December Reads Part Two

Walter Tevis, The Queen’s Gambit

Bettina L. Love, We Want to Do More Than Survive

Susanna Clark, Piranesi

Ijeoma Oluo, Mediocre The Dangerous Legacy of White Male America

Elena Ferrante, The Lying Life of Adults

Walter Tevis, The Queen’s Gambit

If you are living and breathing in this culture of ours, there’s a good chance you have watched the Netflix series The Queen’s Gambit. But if you happen to be in the situation where you haven’t seen the show, I’m going to suggest it’s worth your time to read the book first. Just like always.

The novel’s protagonist, Beth Harmon, is eight when the story begins, and recently orphaned. Her father died earlier in her life, and she is found by police at the scene of the car crash that killed her mother. Her reaction to this traumatic event is notably unemotional.

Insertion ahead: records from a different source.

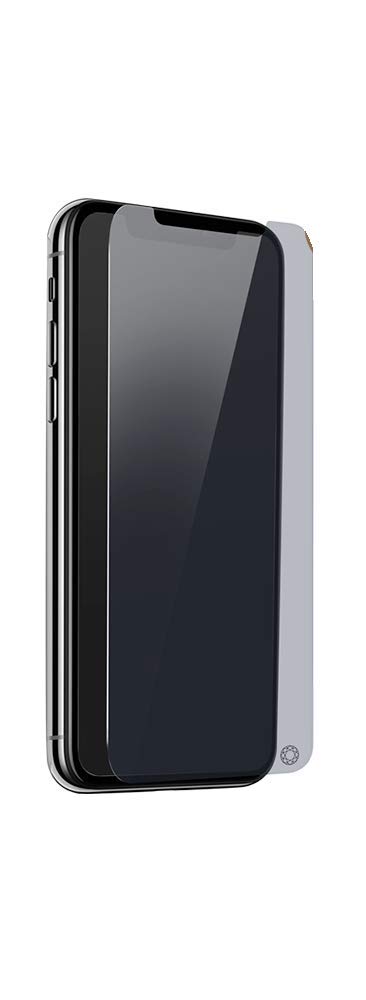 Forceglass Tempered Glass Screen Protector with Installation Kit for iPhone XS Max Smoke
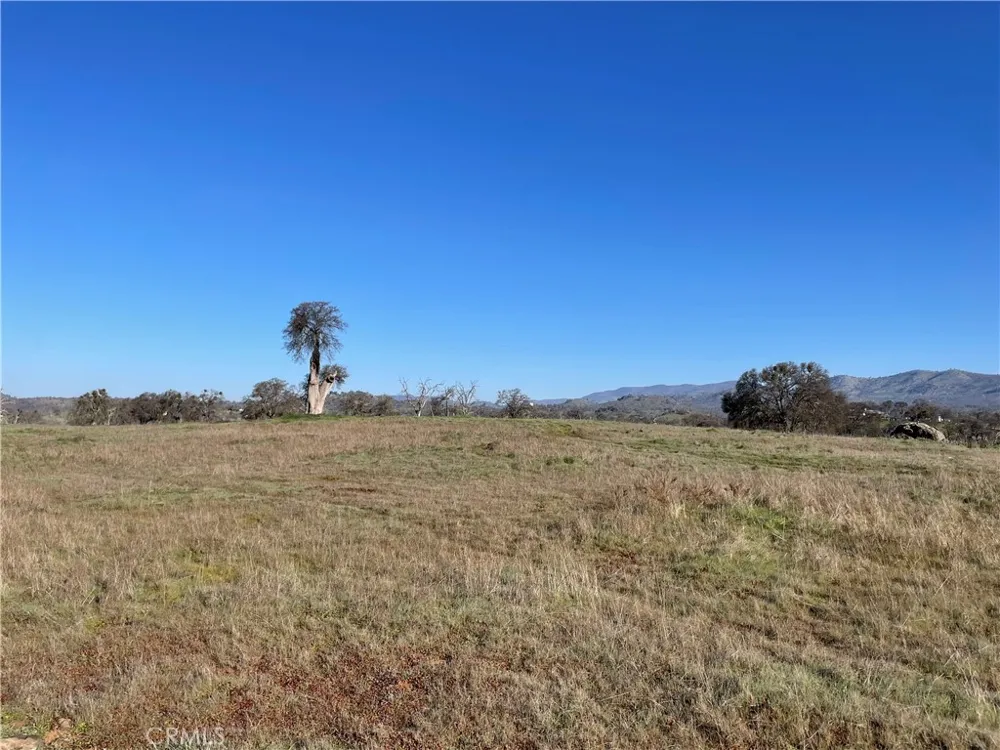 2187 Tinkers Penny Catheys Valley, CA 95306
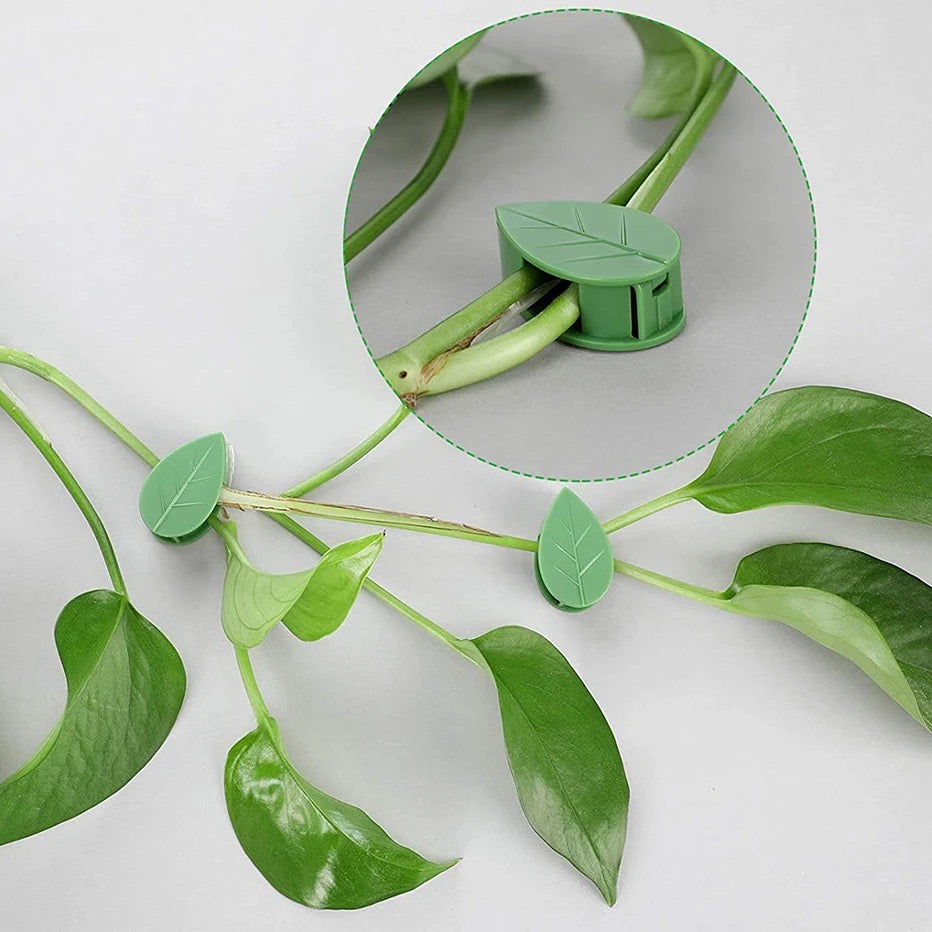 Example image showing plant attached with clips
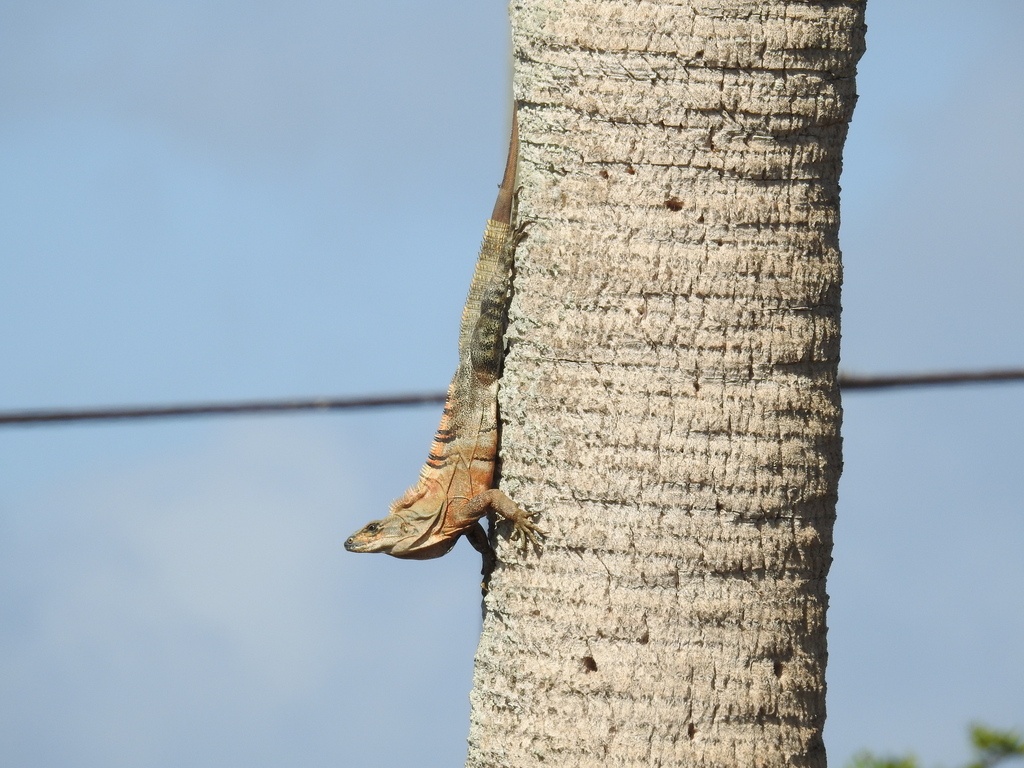 Black Spinytailed Iguana from 1601 New Point Comfort Rd, Englewood, FL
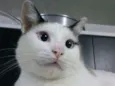 Bart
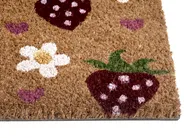 Doormat SHAININ Multicolour 50 x 80 cm Coir_1049678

Beth is taken to an orphanage to be raised. She is quiet and smart, allowing time to get to know the routines of the orphanage, protecting herself from becoming too involved in its social dynamics. On her first day, in line for the “vitamins” all children are given daily, Beth meets Jolene, a slightly older resident of the orphanage, and it is Jolene who explains to her that the green pills are actually sedatives, part of an institution-wide program to keep everybody calm.

Let me just say that again. Children get downers daily.

Very quickly Beth discovers the mood altering power of the green pills, and she begins to hoard them, with Jolene showing her how to pretend to swallow in front of the dispensary and then pocket the pill instead while walking away from the line-up.

Beth’s relationship to the pills as a child, and later as an adult to alcohol, is something that defines her. On the one hand, she’s an addict, and arguably made so by the institution meant to take care of her. On the other, her ability to save the pills, only taking them when most needed (often when she can’t sleep), exhibits a level of control many addicts cannot manage. Even at eight, it seems, she’s aware of her own proclivity to addiction, and able to manipulate the tendency in a way suits her. Most of the time.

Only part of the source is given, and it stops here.